We’re used to the idea that power can be expensive when you’re running a lot of data centres. But we were slightly surprised that Telstra singled out lighting expenses in its annual results.
Lighting picture from Shutterstock
Telstra has a good year, with a profit of $4.3 billion. But the number that jumped out at us was an increase in “other” expenses, which rose $78 million to $2260 million. One big factor in that? “An increase in light and power costs resulting from our 4G rollout.” Telstra now has 5.2 million 4G customers, split between 3.8 million mobile phone users and 1.4 million broadband customers. (That’s a big number, though it’s less than a one quarter of Telstra’s 16 million mobile customers.)
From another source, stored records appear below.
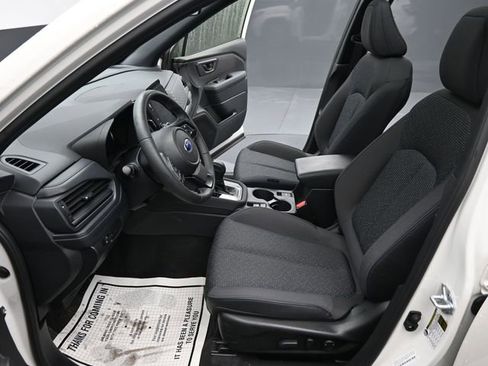 Used 2025 Subaru Forester Premium image 13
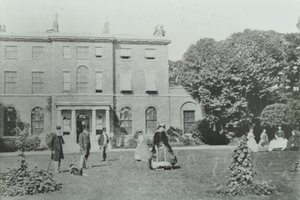 Broomwood House, Broomwood Road: arkadan yükseklik, Londra, 1890 by English Photographer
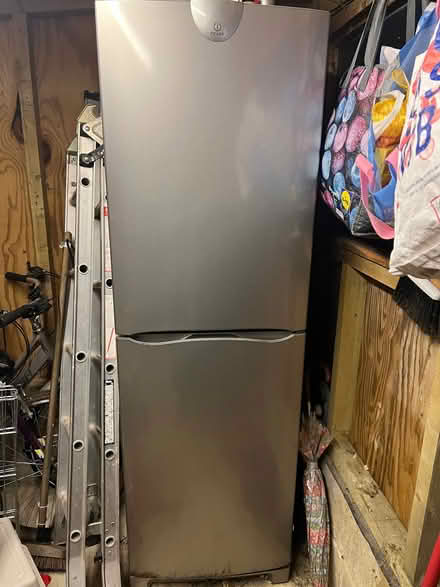 Photo of free Fridge freezer (Charlton Kings GL53) #1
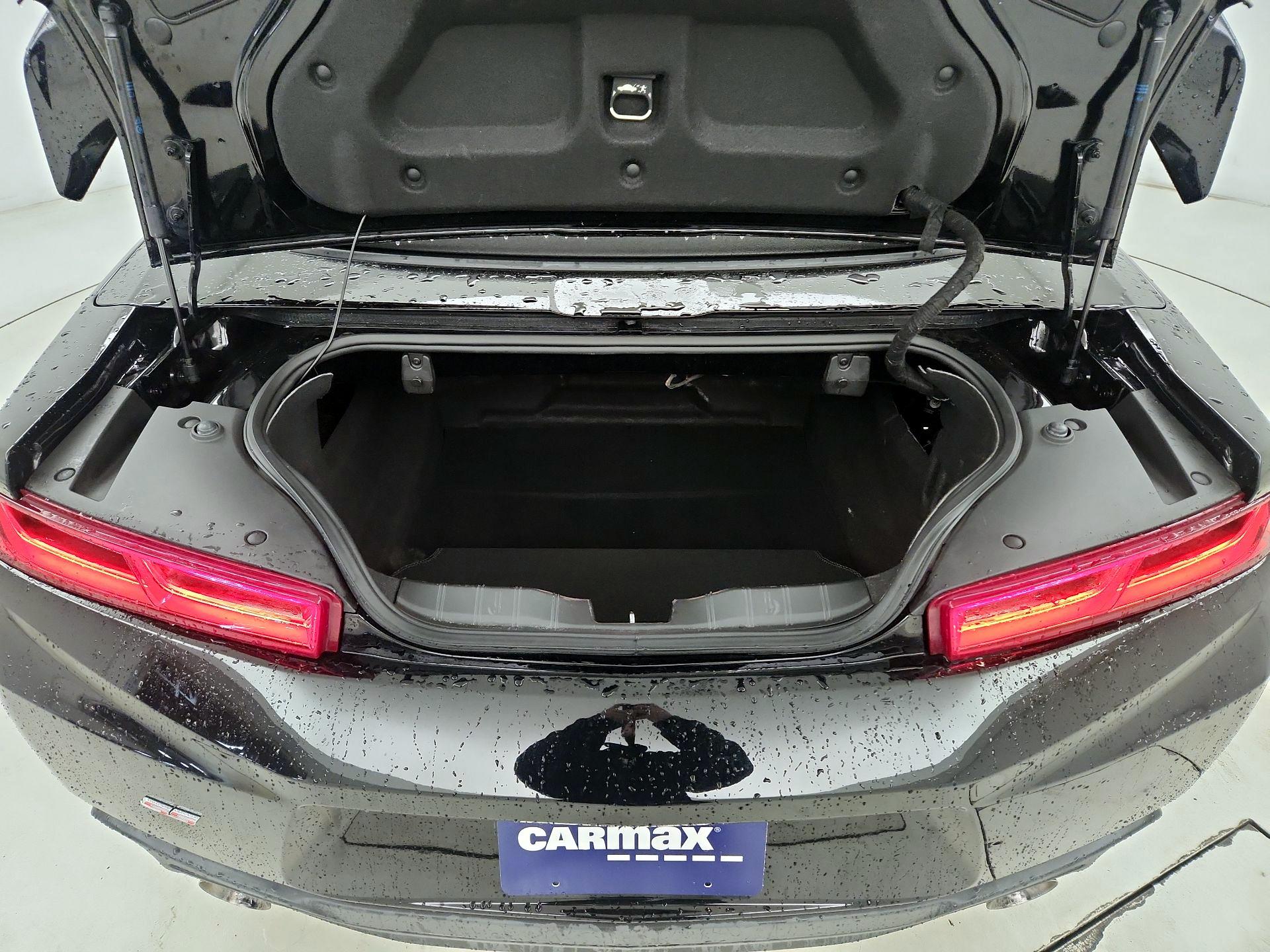 Thumbnail: 2018 Chevrolet Camaro - 16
Clearly, people working in dark exchanges or mobile towers would be a bad idea. But who knew that lighting would deserve a special mention as 4G grew?
Comments
4 responses to “Telstra Is Spending A Lot Of Money On Lighting”
Pity they can’t ship that offshore like every other bloody cent they used to spend in this country.
$2.26 billion. Really?
Yes, really.
http://www.telstra.com.au/uberprod/groups/webcontent/@corporate/@aboutus/documents/document/uberstaging_280884.pdf
Did they break out lighting as a separate cost, or was it all wrapped up under “Light and power costs”? “Cause if so, it sounds like power is the big item, not lighting.
Doesn’t look like they did in the report but you’re almost certainly right; this isn’t about lighting it’s about power. More 4G means more equipment, sites and datacentre space all of which would be power hungry.